JAEAら,電源不要の真空トランスファーケース開発

高エネルギー加速器研究機構(KEK)と日本原子力研究開発機構(JAEA)が運営するJ-PARC(大強度陽子加速器施設)では,容器自体が真空を保つ性能を持つ「超高真空ゲッターポンプ」の技術を発明し,軽量かつコンパクトで電源不要の真空トランスファーケースを開発した(ニュースリリース)。

ナノ材料や半導体材料の開発において,超高真空技術は欠かせない。超高真空環境下で製造することで,不純物の混入を防ぎ,高純度で高品質な材料の製造が可能となる。

またナノ材料や半導体の性能は,表面特性が重要な役割を果たす。酸化や汚染物の付着は,材料の電気的,化学的特性を損なう。超高真空環境では,酸素や水蒸気などの気体が極めて少なく,ナノ材料や半導体材料の表面が酸化や汚染が生じず,その特性を維持できる。

このような環境で作られたナノ材料や半導体材料の研究には,高精度な分析が不可欠。電子顕微鏡や,SPring-8 等の放射光を用いる分析装置などは,超高真空環境で動作し,材料の詳細な構造や特性を高解像度で観察できる。

超高真空環境下で製造した材料をそのままの状態で超高真空環境下の分析装置に運ぶには,真空を維持したまま材料を輸送でき,分析装置との受渡しも可能な,真空トランスファーケースを用いる。しかし,従来のトランスファーケースは,真空を維持するための真空ポンプと電源,バッテリーが必要なため大変重く(約30kg),サイズも大きいことが課題だった。

J-PARCでは,チタンで作られた真空容器内部の表面を改質することで真空容器自体を超高真空ポンプであるゲッターポンプとする技術を発明しており,今回この技術を活用して,超軽量(約6㎏)でコンパクトな真空トランスファーケースを開発した。

さらに,試作したトランスファーケースに模擬サンプルを入れ,真空を維持したまま,J-PARCとSPring-8間,およびSPring-8内のビームライン間で輸送し,サンプル表面の状態を確認した。その結果,半導体材料のシリコン単結晶基板表面に形成した極薄酸化膜の品質を維持したままで,実運用時の真空維持機能を実証した。
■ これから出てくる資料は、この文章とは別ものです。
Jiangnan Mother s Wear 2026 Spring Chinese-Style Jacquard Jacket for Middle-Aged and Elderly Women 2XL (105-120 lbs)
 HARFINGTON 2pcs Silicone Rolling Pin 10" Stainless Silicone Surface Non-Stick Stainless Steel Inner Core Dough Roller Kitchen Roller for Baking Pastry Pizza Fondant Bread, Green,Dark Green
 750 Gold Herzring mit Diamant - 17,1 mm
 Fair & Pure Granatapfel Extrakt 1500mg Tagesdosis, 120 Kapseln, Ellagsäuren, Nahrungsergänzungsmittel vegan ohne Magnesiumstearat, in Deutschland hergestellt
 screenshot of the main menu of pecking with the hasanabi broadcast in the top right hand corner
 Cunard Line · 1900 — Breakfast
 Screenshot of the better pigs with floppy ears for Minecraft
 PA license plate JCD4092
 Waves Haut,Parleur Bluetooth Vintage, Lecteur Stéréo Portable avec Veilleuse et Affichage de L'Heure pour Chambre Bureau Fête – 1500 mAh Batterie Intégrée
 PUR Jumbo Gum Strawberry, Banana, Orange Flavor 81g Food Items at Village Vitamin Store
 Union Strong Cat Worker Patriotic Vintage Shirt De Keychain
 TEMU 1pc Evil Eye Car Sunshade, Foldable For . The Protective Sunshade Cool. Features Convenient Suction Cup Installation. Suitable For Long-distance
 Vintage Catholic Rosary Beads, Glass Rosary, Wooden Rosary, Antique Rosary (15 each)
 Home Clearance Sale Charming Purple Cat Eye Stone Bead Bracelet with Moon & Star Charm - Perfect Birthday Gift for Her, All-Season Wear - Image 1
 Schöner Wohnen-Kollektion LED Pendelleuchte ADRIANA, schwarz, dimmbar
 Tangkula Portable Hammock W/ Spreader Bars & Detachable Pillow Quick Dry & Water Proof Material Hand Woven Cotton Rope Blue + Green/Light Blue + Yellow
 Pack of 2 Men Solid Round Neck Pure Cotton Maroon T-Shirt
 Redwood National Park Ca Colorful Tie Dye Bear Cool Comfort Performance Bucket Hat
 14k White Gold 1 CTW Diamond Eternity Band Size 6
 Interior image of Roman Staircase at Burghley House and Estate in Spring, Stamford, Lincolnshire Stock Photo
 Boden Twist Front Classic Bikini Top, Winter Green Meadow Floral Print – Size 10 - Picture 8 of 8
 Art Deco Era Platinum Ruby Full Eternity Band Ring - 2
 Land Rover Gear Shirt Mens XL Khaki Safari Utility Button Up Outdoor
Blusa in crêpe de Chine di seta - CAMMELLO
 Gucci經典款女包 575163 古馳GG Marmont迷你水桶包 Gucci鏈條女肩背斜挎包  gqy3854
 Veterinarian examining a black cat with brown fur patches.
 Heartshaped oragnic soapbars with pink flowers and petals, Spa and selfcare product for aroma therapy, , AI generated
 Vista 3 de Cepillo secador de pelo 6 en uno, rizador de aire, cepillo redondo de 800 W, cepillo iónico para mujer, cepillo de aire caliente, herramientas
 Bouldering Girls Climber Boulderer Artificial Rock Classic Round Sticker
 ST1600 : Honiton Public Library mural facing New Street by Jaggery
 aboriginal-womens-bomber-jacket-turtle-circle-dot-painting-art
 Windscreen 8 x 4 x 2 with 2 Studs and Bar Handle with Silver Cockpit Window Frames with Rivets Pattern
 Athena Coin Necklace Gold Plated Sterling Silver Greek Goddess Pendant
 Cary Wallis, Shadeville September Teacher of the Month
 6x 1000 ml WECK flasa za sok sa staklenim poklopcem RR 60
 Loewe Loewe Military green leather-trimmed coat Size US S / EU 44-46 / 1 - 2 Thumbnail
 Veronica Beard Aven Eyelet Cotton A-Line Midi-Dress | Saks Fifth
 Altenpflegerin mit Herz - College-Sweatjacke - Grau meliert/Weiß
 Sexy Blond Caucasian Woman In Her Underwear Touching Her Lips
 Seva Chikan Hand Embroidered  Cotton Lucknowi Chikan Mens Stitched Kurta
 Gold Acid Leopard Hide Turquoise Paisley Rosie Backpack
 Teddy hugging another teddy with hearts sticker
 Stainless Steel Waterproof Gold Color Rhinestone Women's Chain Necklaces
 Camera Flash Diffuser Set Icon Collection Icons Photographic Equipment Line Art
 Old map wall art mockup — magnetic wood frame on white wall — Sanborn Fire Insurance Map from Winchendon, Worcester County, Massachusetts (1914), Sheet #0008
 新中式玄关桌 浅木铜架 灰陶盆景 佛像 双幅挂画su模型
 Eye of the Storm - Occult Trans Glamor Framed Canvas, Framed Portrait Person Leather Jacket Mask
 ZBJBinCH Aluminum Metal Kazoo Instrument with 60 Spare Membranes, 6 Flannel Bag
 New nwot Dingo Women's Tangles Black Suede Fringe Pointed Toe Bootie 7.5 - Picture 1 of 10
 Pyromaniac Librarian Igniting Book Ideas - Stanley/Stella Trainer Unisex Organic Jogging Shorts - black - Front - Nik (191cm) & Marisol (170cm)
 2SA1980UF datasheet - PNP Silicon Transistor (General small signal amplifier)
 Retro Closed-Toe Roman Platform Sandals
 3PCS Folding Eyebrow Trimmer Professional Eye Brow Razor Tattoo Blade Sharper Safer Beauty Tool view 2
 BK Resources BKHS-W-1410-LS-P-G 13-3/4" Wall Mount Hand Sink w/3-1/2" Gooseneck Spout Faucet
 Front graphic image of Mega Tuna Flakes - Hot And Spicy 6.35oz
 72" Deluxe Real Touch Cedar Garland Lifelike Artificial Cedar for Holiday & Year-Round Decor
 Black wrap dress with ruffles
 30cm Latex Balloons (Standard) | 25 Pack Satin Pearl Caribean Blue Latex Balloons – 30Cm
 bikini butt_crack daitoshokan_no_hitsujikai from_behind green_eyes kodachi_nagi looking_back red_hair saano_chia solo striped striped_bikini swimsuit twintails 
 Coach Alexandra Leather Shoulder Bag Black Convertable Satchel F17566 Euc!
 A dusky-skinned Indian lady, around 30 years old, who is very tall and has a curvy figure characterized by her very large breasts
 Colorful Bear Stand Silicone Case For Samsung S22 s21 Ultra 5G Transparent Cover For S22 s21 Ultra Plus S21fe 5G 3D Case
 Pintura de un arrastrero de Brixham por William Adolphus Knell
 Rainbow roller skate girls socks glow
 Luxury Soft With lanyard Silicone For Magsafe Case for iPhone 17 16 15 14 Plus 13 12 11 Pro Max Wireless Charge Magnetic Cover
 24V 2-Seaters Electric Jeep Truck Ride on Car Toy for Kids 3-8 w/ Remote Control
開発した真空トランスファーケースは,ポンプや電源が不要であることから,バッテリーの持ち込みが規制されている飛行機での輸送も可能となる。将来,高真空輸送が求められる電子顕微鏡の電子源を海外へ容易に輸送することが可能となり,ナノ材料や半導体などの新材料開発分野での利用が期待できるとしている。